- [INSTRUCTIONS FOR THE TASK] Write the records out again without change. Leave the pictures behind.

----------------

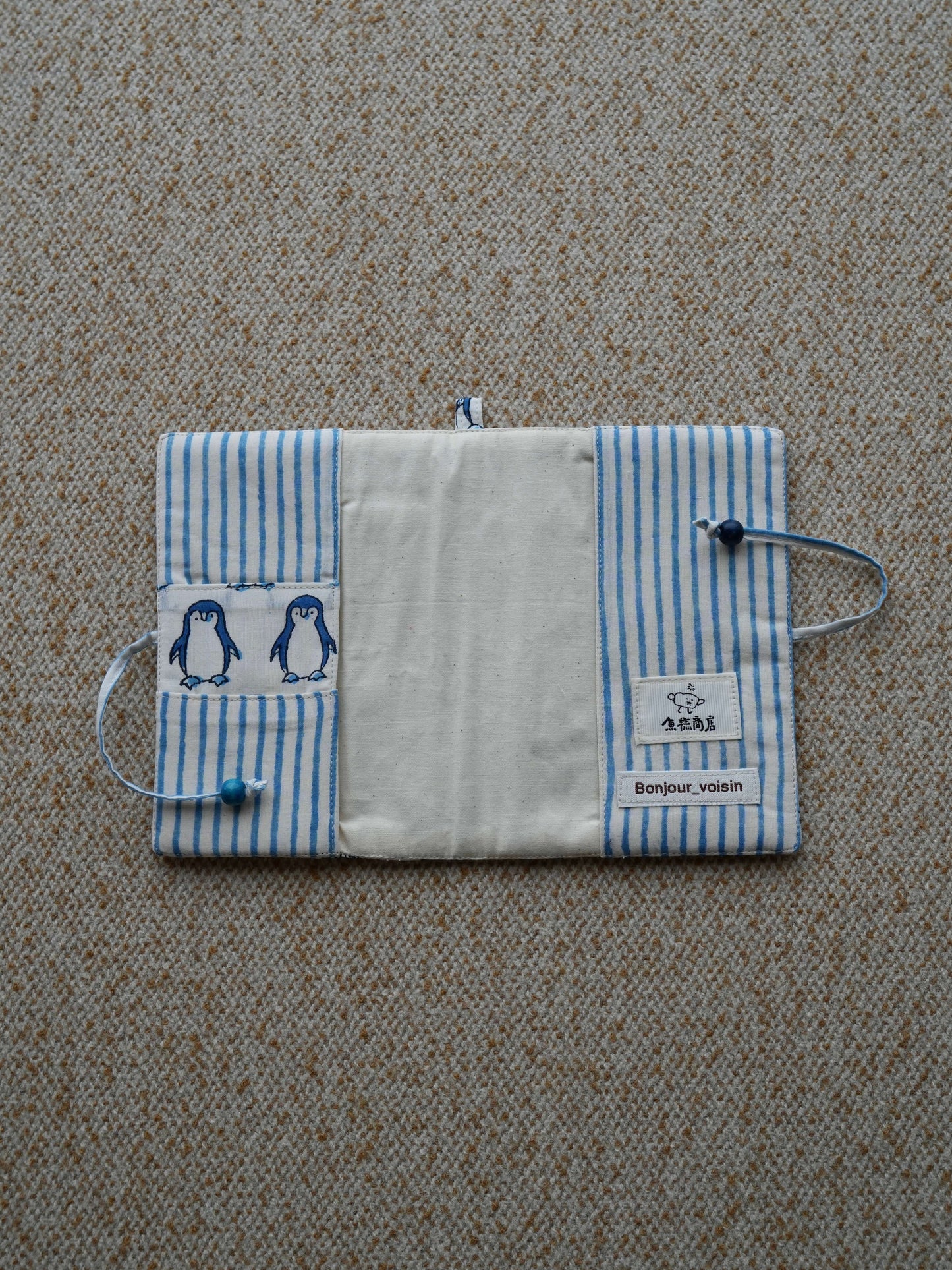 A6 Book Cover (Bound)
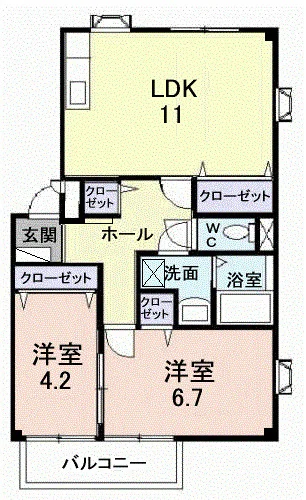 ハーベストコートD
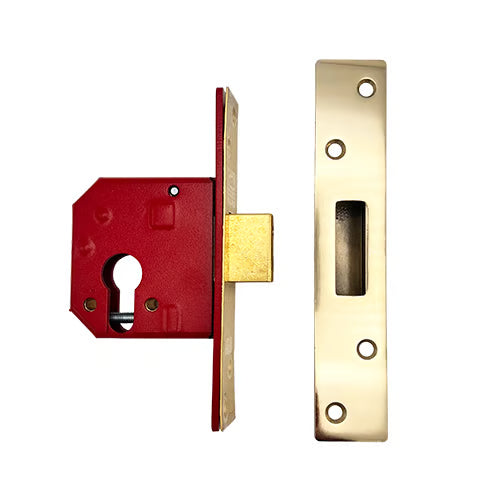 L2144 Euro Mortice Deadlock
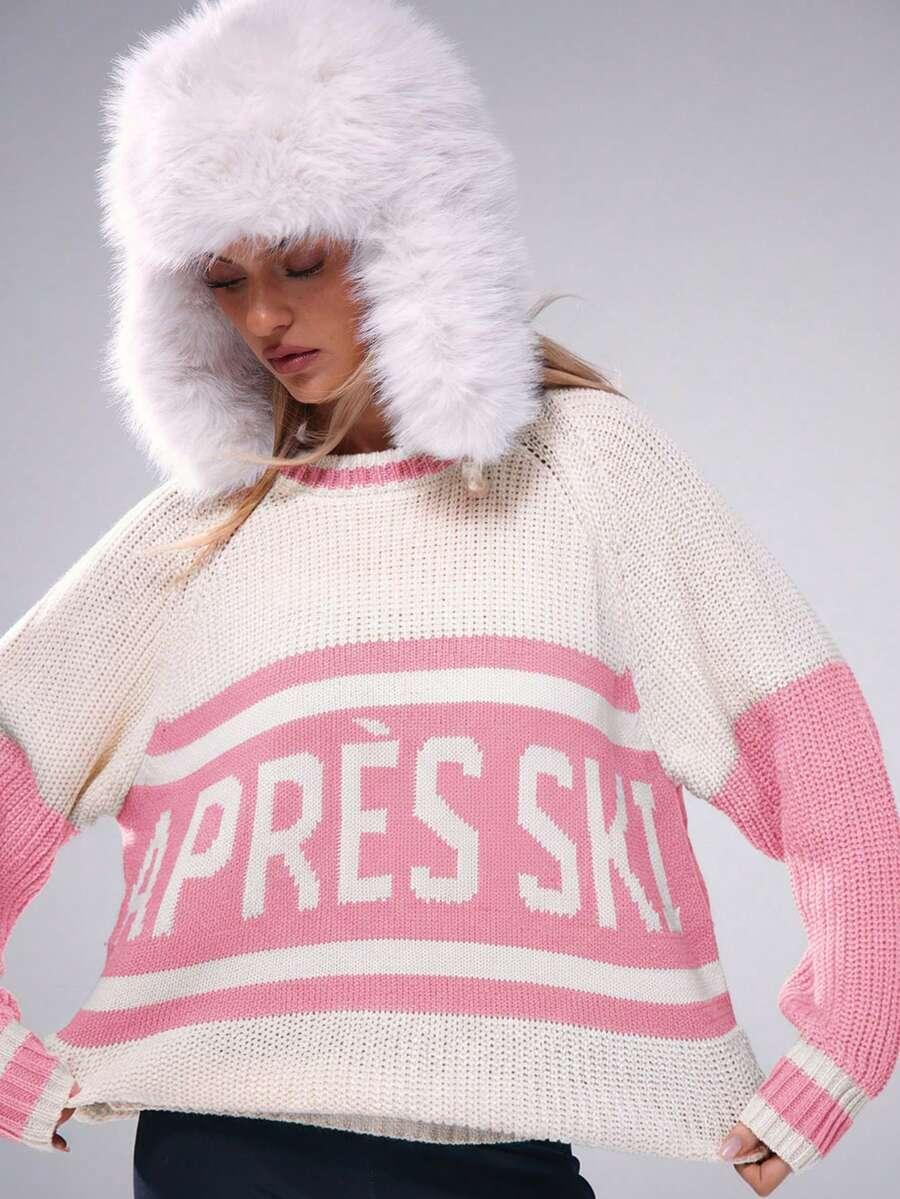 SWETER DŁUGI RĘKAW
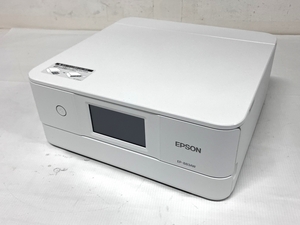 EPSON EP-883AW C561F インク ジェット プリンター 2021年製 印刷 家電 中古 F8487581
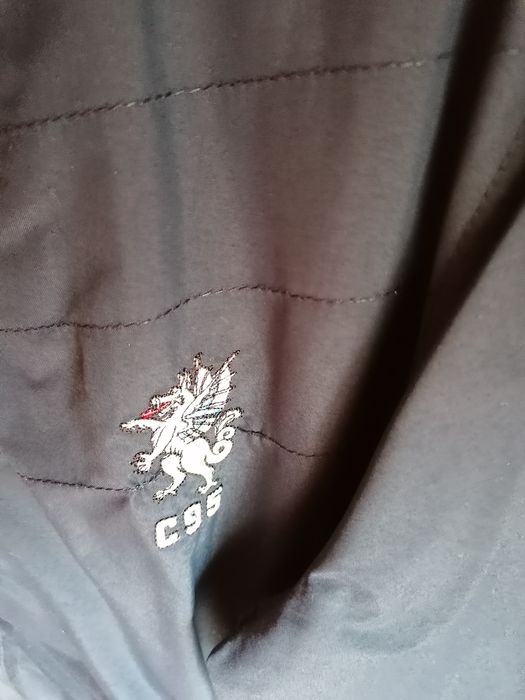 Blusão  do F C, do Porto Tam. S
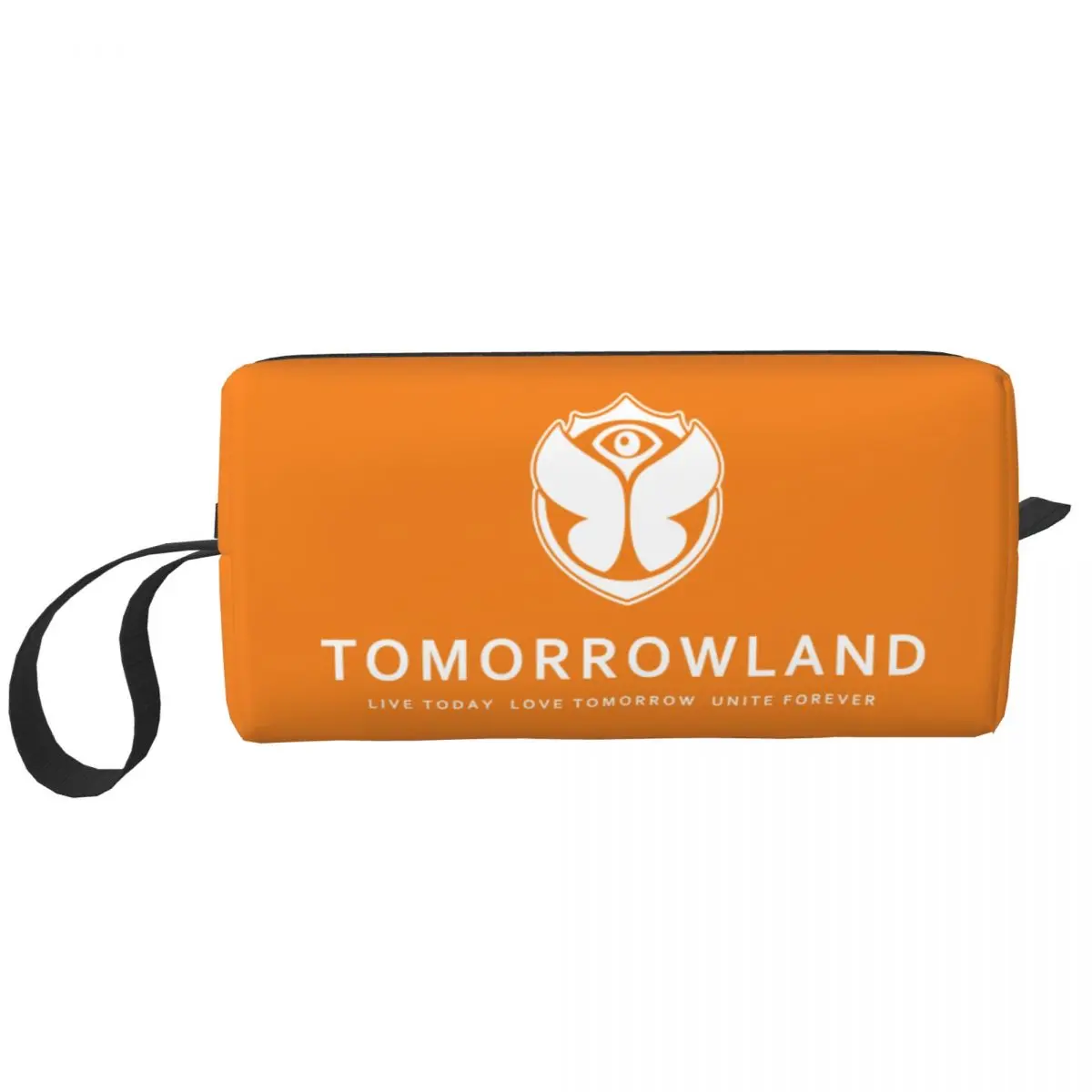 

Косметичка Tomorrowland для женщин, электронный косметический Органайзер для хранения косметики в бельгийском стиле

----------------

- [RESULT FOR THIS TASK]
 A6 Book Cover (Bound)
 ハーベストコートD
 L2144 Euro Mortice Deadlock
 SWETER DŁUGI RĘKAW
 EPSON EP-883AW C561F インク ジェット プリンター 2021年製 印刷 家電 中古 F8487581
 Blusão  do F C, do Porto Tam. S

Косметичка Tomorrowland для женщин, электронный косметический Органайзер для хранения косметики в бельгийском стиле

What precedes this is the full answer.